• **Problem requirements**
Going down the listing below, print exactly each line from the one with "Before proceeding to" up to and including the one with "While 4/7 is", and skip the rest.

• **Material supplied**
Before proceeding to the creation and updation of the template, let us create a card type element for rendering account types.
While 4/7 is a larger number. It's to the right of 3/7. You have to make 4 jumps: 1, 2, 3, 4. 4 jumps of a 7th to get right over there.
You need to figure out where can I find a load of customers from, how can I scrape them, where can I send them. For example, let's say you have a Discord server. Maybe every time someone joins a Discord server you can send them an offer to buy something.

---

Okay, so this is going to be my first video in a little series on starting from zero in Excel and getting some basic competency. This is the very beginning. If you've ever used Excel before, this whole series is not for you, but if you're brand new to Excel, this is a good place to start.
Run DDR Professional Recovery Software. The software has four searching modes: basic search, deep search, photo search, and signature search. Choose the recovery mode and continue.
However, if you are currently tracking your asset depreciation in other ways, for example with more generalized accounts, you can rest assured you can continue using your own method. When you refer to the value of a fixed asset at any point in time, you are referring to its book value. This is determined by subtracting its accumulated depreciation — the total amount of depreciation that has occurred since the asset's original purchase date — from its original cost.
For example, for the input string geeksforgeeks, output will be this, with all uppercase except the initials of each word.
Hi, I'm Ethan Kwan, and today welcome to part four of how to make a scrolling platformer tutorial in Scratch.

• **Solution to the exercise**
Before proceeding to the creation and updation of the template, let us create a card type element for rendering account types.
While 4/7 is a larger number. It's to the right of 3/7. You have to make 4 jumps: 1, 2, 3, 4. 4 jumps of a 7th to get right over there.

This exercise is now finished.